Keine besinnliche Vorweihnachtszeit

29. November 2015, 1. Advent

Wer eine besinnliche Vorweihnachtszeit begehen möchte, wird die Prophezeiung des Jeremia als unliebsame Störung empfinden.

In ihr geht es nämlich nicht um ein Fest der Familie und der Liebe, sondern um Recht und Gerechtigkeit, um eine Gesellschaft, in der der Starke dem Schwachen zu Hilfe kommt.

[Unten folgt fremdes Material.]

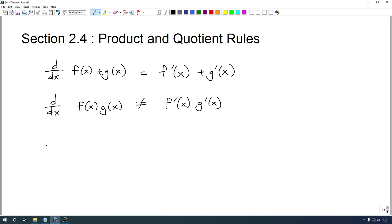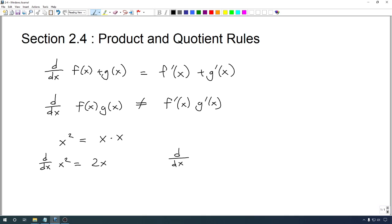Let's look at x squared. We'll use it here as well. Remember, x squared just means x times x, so any rule for products is going to have to work for this. The derivative of x squared is going to have to somehow be related to the derivatives of x and x. The problem is that the derivative of x squared is 2x, whereas the derivative of x is 1. And 2x is not 1 times 1.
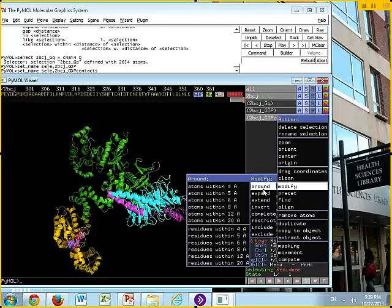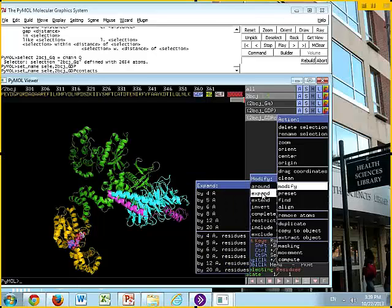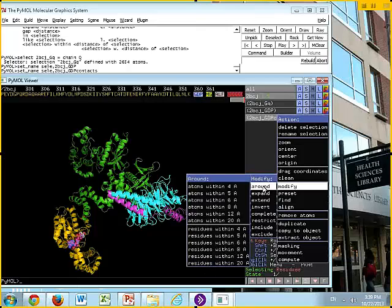We have two main options, Around and Expand. Around means my final selection is not going to include my starting selection. It's only going to be those residues that are around my starting selection. Expand keeps my starting selection. I want you to use the top option, Around, and I want you to come down to the second half, Residues within 4 Angstroms.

Um Weihnachten richtig zu feiern, müssten wir offensichtlich die Propheten neu verstehen. Nicht als Herolde eines ‚holden Knaben‘, sondern als Kritiker der politischen und sozialen Wirklichkeit. Sie verheißen, dass diese verändert werden muss und auch verändert werden kann. Nämlich dann, wenn einer sich findet, der herrscht, indem er dem Plan Gottes dient. Er wird den Namen tragen ‚JHWH ist unsere Gerechtigkeit‘ – und ihn mit Leben füllen. mim

Jer 33,14-16

Seht, es werden Tage kommen – Spruch des Herrn –, da erfülle ich das Heilswort, das ich über das Haus Israel und über das Haus Juda gesprochen habe. In jenen Tagen und zu jener Zeit werde ich für David einen gerechten Spross aufsprießen lassen. Er wird für Recht und Gerechtigkeit sorgen im Land. In jenen Tagen wird Juda gerettet werden, Jerusalem kann in Sicherheit wohnen. Man wird ihm den Namen geben: Jahwe ist unsere Gerechtigkeit.